Le differenze tra questi volti dell'islam politico possono essere nette ma c'è un equivoco di fondo che tentava di spiegare anni fa un grande studioso come Alessandro Bausani. «Per l'islam la religione è qualche cosa che abbraccia sia la fede che la politica, è regola di vita, legge». Questo non impedisce che dozzine di teologi musulmani abbiano lottato per affermare una visione diversa, dove l'interpretazione del Corano prevalga sul dogma e l'ortodossia.

I più ottimisti negli anni Ottanta pensavano che l'islam politico fosse il tentativo da parte del Sud del mondo, debole ed emarginato, di fare sentire la propria voce nei confronti del Nord opulento e aggressivo. Alla domanda quanto sarebbe durato l'islam politico e integralista, Maxime Rodinson, professore emerito della Sorbona, rispondeva: «Non molto, credo 30-40 anni, un battito di ciglia nella storia dell'umanità».

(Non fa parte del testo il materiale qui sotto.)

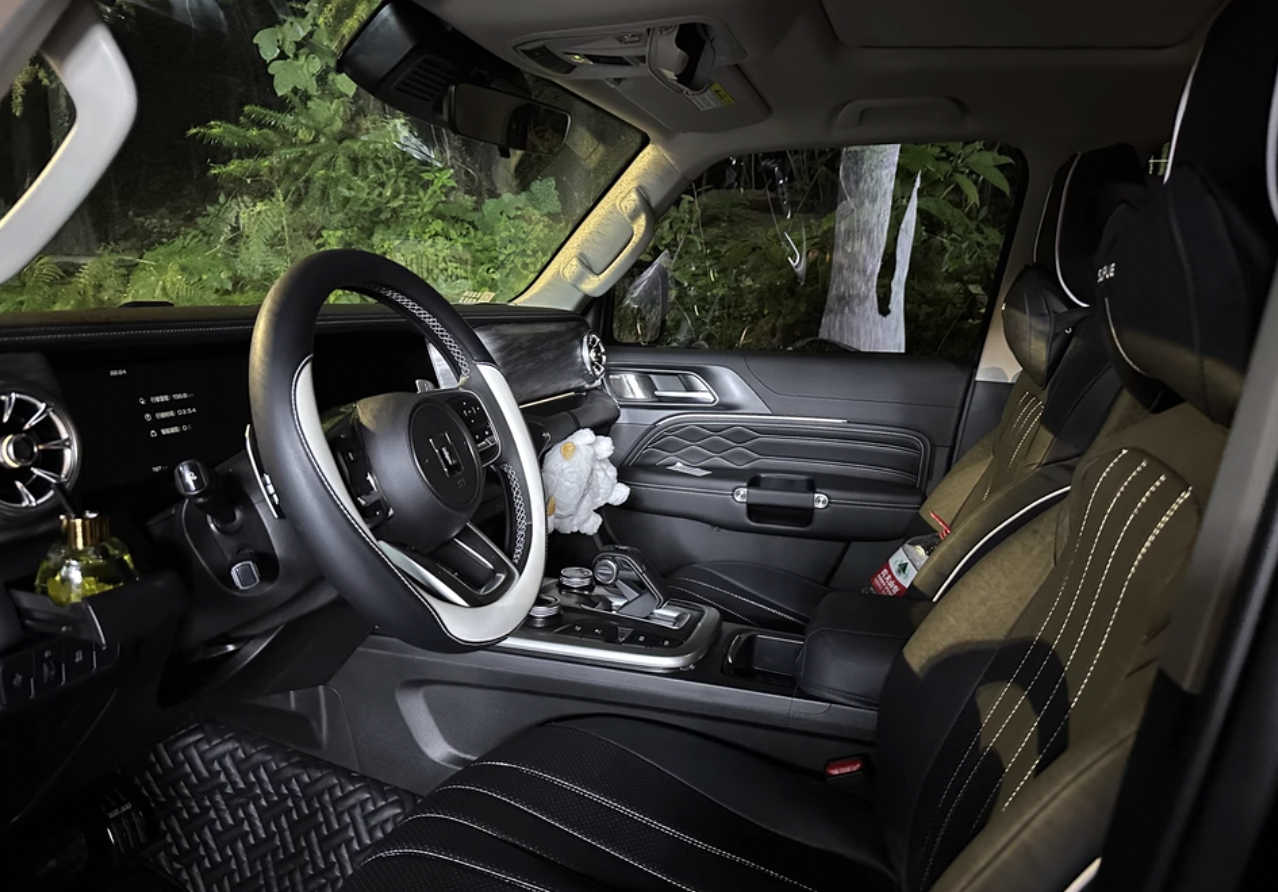 Xevaban.com ở 214 Giải Phóng là đơn vị chuyên cung cấp phụ kiện oto, đồ chơi oto, phụ tùng oto, phụ kiện tank 300, đồ chơi tank 300, xevaban, 214 giải phóng, bọc vô lăng tank 300, ốp vô lăng tank 300, trang trí vô lăng tank 300.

Ma i più realisti sottolineano da tempo che le società dei Paesi musulmani sono largamente islamiche, nel solco più conservatore e tradizionalista. Dalla disgregazione e dalla caduta dei miti socialisti come Nasser in Egitto e dei regimi militari rivoluzionari - Algeria, Siria, Libia, Iraq - è in corso da oltre tre decenni un processo di diffusa e profonda islamizzazione, favorita dalla frustrazione che derivava da governi autoritari e polizieschi, da noi spesso considerati "moderati".
Questa islamizzazione adesso riguarda anche l'Occidente. Non tanto per l'importante presenza delle minoranze musulmane nelle società europee, quanto per l'alleanza sempre più stretta con le monarchie petrolifere del Golfo che sostengono i movimenti islamici nel mondo arabo. Sono regimi anche loro illiberali che però investono in Occidente e finanziano i gruppi della guerriglia e dell'opposizione della primavera araba tra cui crediamo di potere scegliere, con una certa protervia, tra musulmani buoni e cattivi. Vogliano essere ottimisti?

Speriamo in una "via islamica alla democrazia" ma non illudiamoci che possa corrispondere ai criteri occidentali. Forse accadrà tra 30-40 anni, magari anche meno, un battito di ciglia nella storia, un'eternità in politica.